Educador e escritor, ex-diretor da Escola da Ponte, em Vila das Aves (Portugal)
Publicado em 19/09/2017
José Pacheco escreve sobre colisões entre os especialistas de fora da escola e os professores
A partilha de conhecimento entre professores decorria em bom ritmo, mas foi interrompida pela intempestiva chegada de uma “especialista em currículo”. A “especialista” disse ter sido encarregada de apresentar uma proposta de protocolo de avaliação de projetos considerados inovadores. Sem delongas, ordenou a uma subordinada que desse início à sessão de power point e passou a conduzir os trabalhos, lendo slides, numa sequência monótona.

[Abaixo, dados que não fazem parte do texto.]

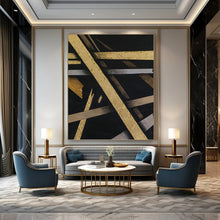 Load image into Gallery viewer, “Gilded Geometry” - Black, Gold, and Silver Abstract Art, Abstract Painting on Canvas DKH1094
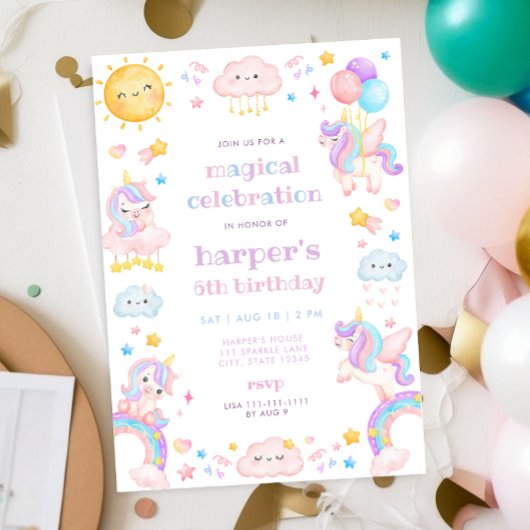 Magical Unicorn Birthday Invitation Kaart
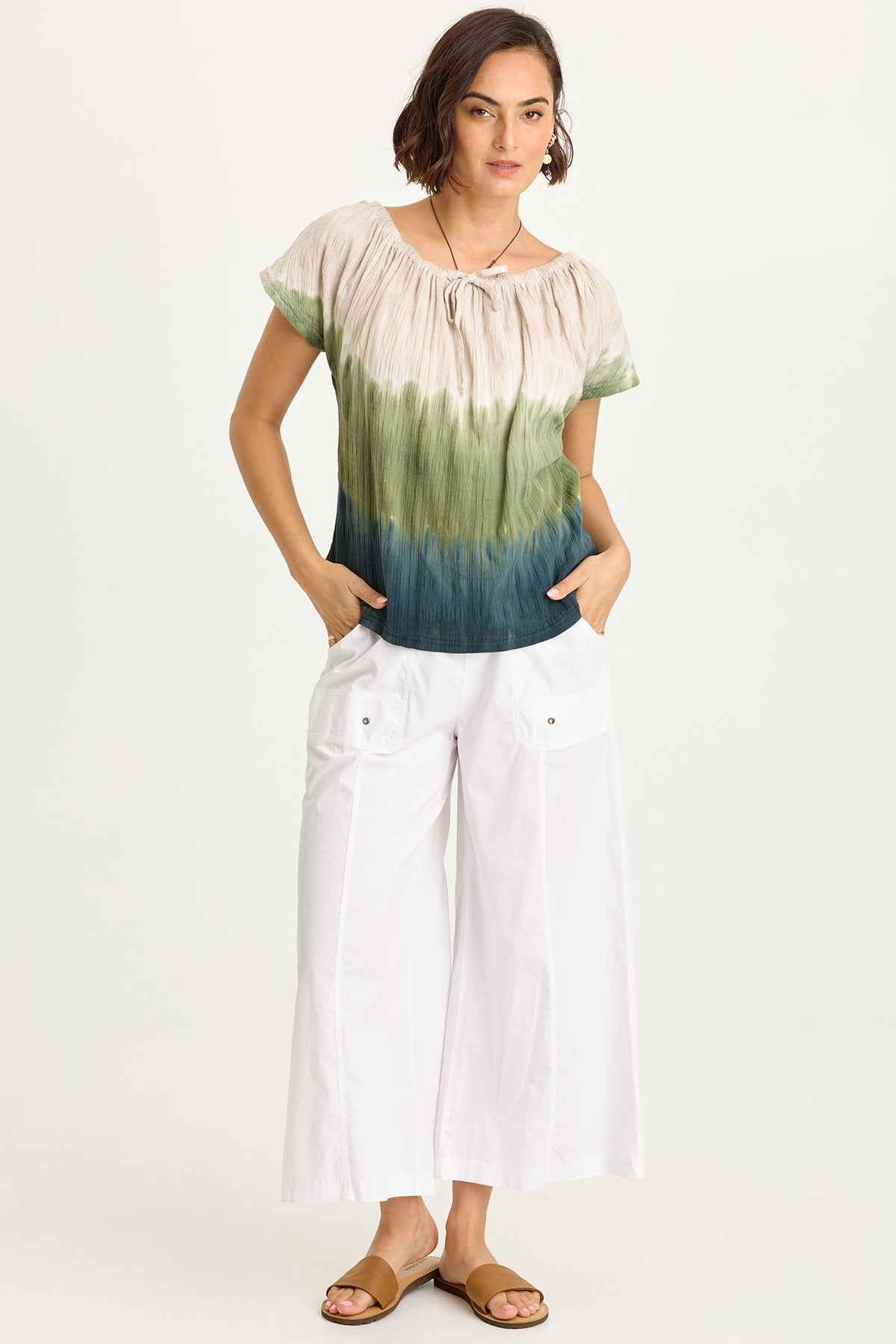 Selda Textured Gauze Cinched Top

A exposição da especialista estava repleta de equívocos. Ao meu lado, um professor suspirava de enfado, pois já deparara com várias besteiras com chancela de cientificidade, que ninguém ousara comentar. Não se conteve, quando a dita “especialista em currículo” referiu como critério de avaliação do projeto o “índice de reprovação”.

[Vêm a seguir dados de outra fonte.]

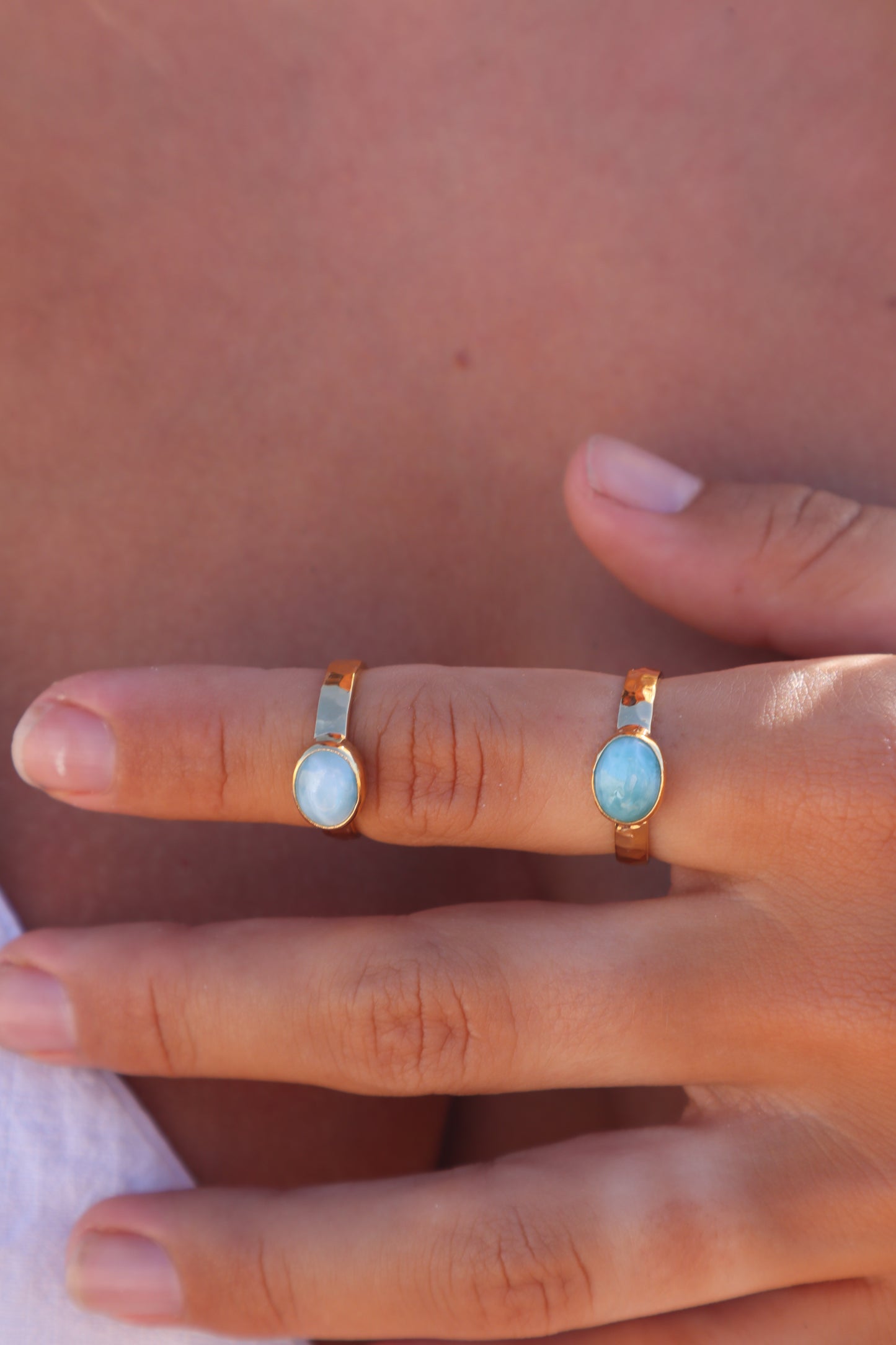 Dainty Larimar Ring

Respeitosa e pertinentemente, questionou:
A senhora admite que projetos inovadores naturalizem o insucesso? Que se deva reprovar? Na nossa escola, acabamos com segmentações. Por isso, não se reprova.
Sem disfarçar a irritação, a “especialista” interrompeu-o:
Senhor professor, eu fiz doutoramento em currículo! Quem é o senhor para me questionar? As outras escolas não são como a vossa e não podemos exigir mais dos professores. Eles não sabem trabalhar de outra maneira. E o senhor não pode impor as suas teorias aos outros!
Não agradou ao professor que alguém tratasse outros professores com condescendência. E respondeu que não se tratava de teorias, mas de práticas transformadoras, desenvolvidas em escolas onde arcaísmos como a reprovação deram lugar a uma avaliação formativa, contínua, sistemática.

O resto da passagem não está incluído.